Background information
- Born: Clarence Alexander Avant February 25, 1931 Climax, North Carolina, U.S.
- Died: August 13, 2023 (aged 92) Los Angeles, California, U.S.
- Genres: R&B; soul; pop;
- Occupations: Music executive; businessman; film producer;
- Labels: Venture Records Inc. Sussex Records Tabu Records Motown Records
- Formerly of: Gallery The SOS Band Jimmy Jam and Terry Lewis Sixto Rodriguez
- Spouse: Jacqueline Alberta Gray ​ ​(m. 1967; died 2021)​

= Clarence Avant =

American music executive and film producer (1931–2023)

Clarence Alexander Avant (February 25, 1931 – August 13, 2023) was a prominent American music executive, businessman and film producer. Widely recognized as "The Black Godfather", Avant's career was characterized by his advocacy for equitable treatment and compensation for African American artists in the entertainment industry. His efforts were acknowledged with his 2021 induction into the Rock and Roll Hall of Fame.

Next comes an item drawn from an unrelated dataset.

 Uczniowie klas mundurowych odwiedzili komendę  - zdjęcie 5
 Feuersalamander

Originating from Climax, North Carolina, Avant began his professional journey in the 1950s, managing Teddy P's Lounge in Newark, New Jersey. Under the guidance of Joe Glaser, a notable music manager of the era, Avant managed a diverse portfolio of artists, ranging from R&B talents like Little Willie John to jazz figures such as Jimmy Smith. In the 1960s, he founded Avant Garde Enterprises, marking a significant step in his contributions to the music sector.

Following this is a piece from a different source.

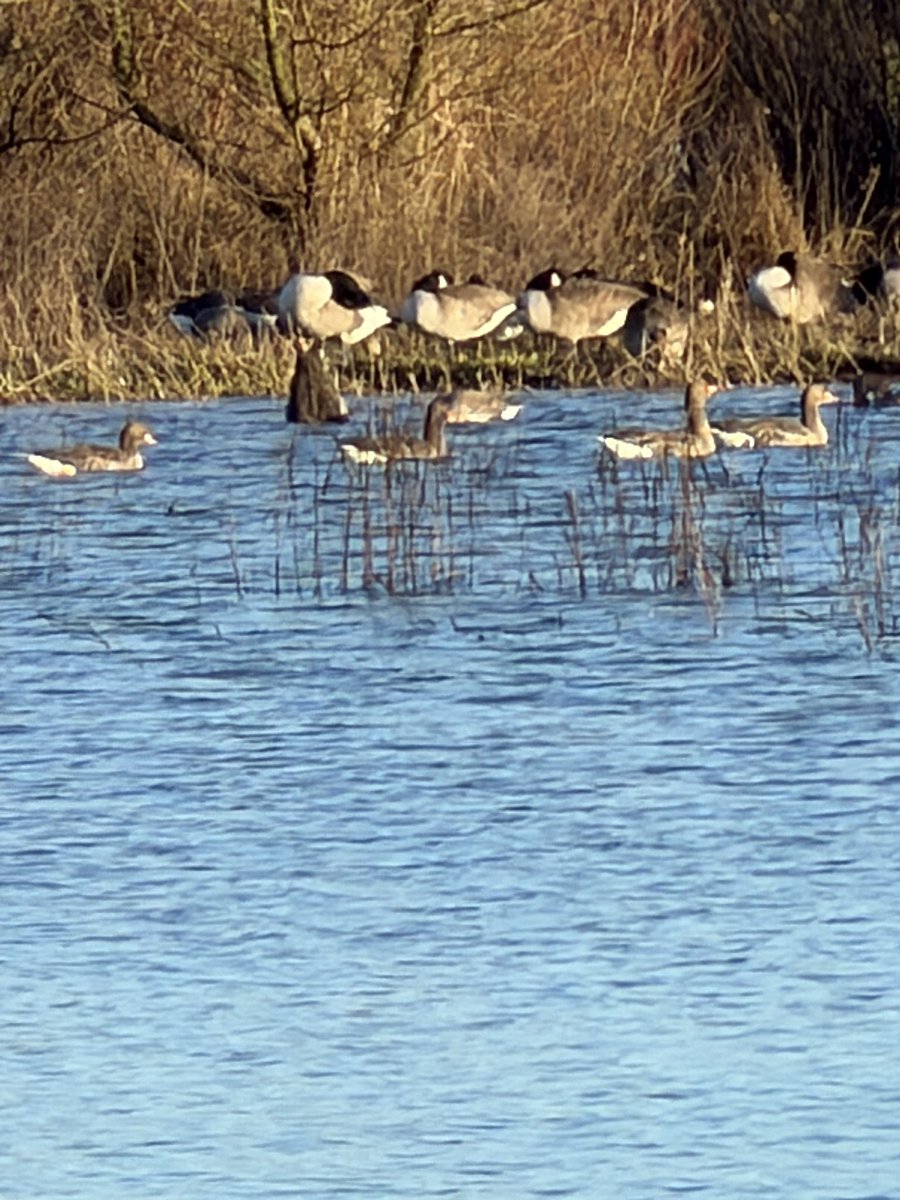 Cazlar123's tweet photo. Precious wetland habitat
#floodplains https://t.co/QR3VjM3puK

Avant was instrumental in the formation and oversight of several record labels, including Venture Records Inc. and Sussex Records. Additionally, he expanded his professional reach into broadcasting by acquiring KTYM-FM, distinguished as the first African-American owned FM radio station in metropolitan Los Angeles. Avant's business acumen was further demonstrated when he played a role in the sale of Stax Records to Gulf+Western.

== Biography ==

=== Early career ===
Clarence Alexander Avant was born in Climax, North Carolina, on February 25, 1931; he was the oldest of eight children. He attended a one-room school in Greensboro, North Carolina until the eighth grade. He spent his freshman and second years of high school at Dudley High School in Greensboro before moving to New Jersey in 1947 as a teenager. In New Jersey, Avant worked as a stock clerk at Macy's and for a law directory. He began in the music business in the 1950s as a manager of Teddy P's Lounge in Newark, New Jersey, owned by promoter Teddy Powell.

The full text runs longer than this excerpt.